Iraq neighbours undermining border fight -minister
Neighbouring countries' failure to check the flow of insurgents, weapons, drugs and other dangerous cargo into Iraq has made it close to impossible to secure Iraq's porous borders, a minister said, according to Reuters.
"This is a political problem more than a security problem," Deputy Interior Minister Ahmed Ali al-Khafaji said.
Of the six nations that that run along Iraq's more than 3,600 km-long (2,250 mile) border, Khafaji, who oversees Iraqi border forces, gave only Kuwait to the south good marks.
"The cooperation between Iraq and neighbouring nations in securing common borders is weak, with the exception of Kuwait," he told Reuters.
Iraq is doing what it can on its own, he said, building a 160-km (100-mile) ditch -- 3 meters deep and 3 meters across -- to stop people and vehicles crossing the vast, sparsely populated desert that joins western Anbar province to Syria.
Iraq has been struggling for years to improve border security in order to halt the flow of Sunni Islamist militants from Iraq's western neighbours such as Syria and Saudi Arabia and stem the entry of Shi'ite fighters and weaponry from Iran.
With backing from the United States, border forces have grown to around 42,000, but Khafaji said Iraq may need to almost double that as the violence unleashed by the 2003 U.S.-led invasion eases and commercial and passenger traffic with neighbouring nations picks up.
Iraq will also need to add almost 200 border stations to the 610 that dot its frontiers today.

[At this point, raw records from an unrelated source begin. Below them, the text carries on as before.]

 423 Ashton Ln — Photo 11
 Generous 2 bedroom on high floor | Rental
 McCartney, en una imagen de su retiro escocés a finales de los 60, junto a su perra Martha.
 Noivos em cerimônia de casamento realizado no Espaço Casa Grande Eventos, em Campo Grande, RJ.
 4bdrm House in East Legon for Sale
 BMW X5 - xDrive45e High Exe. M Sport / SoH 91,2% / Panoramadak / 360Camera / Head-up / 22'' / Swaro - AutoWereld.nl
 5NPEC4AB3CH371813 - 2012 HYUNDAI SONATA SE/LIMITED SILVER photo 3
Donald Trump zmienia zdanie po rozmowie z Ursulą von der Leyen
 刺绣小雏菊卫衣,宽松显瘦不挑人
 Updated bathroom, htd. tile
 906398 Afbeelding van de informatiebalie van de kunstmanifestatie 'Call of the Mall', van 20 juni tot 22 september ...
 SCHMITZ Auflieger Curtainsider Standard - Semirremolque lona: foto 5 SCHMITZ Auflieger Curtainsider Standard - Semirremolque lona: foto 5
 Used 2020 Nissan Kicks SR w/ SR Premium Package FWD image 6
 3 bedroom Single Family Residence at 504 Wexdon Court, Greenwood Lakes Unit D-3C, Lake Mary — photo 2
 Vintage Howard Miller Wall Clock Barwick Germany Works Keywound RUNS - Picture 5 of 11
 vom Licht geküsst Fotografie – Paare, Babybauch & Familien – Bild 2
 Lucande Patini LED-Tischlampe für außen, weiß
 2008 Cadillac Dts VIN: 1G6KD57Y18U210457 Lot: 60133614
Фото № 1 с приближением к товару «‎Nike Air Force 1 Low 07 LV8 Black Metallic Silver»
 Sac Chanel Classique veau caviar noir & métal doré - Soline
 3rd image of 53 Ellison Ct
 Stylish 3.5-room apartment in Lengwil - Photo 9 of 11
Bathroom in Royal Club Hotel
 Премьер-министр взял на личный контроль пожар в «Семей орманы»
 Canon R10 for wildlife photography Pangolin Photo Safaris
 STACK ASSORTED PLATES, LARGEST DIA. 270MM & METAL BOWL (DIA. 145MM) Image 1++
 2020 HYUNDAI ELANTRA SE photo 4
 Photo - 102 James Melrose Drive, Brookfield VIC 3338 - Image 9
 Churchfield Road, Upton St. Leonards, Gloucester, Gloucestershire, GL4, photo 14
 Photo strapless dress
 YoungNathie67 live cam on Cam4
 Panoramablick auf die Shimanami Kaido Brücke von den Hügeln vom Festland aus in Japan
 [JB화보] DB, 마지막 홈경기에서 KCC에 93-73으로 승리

But even border patrols and cargo scans have the potential to become politically charged issues as the government of Prime Minister Nuri al-Maliki, a Shi'ite Arab, struggles to find the right footing with largely Sunni Arab nations to the west, which have kept their distance since 2003, and majority Shi'ite Iran to the east, with whom Iraq fought a bloody war in the 1980s.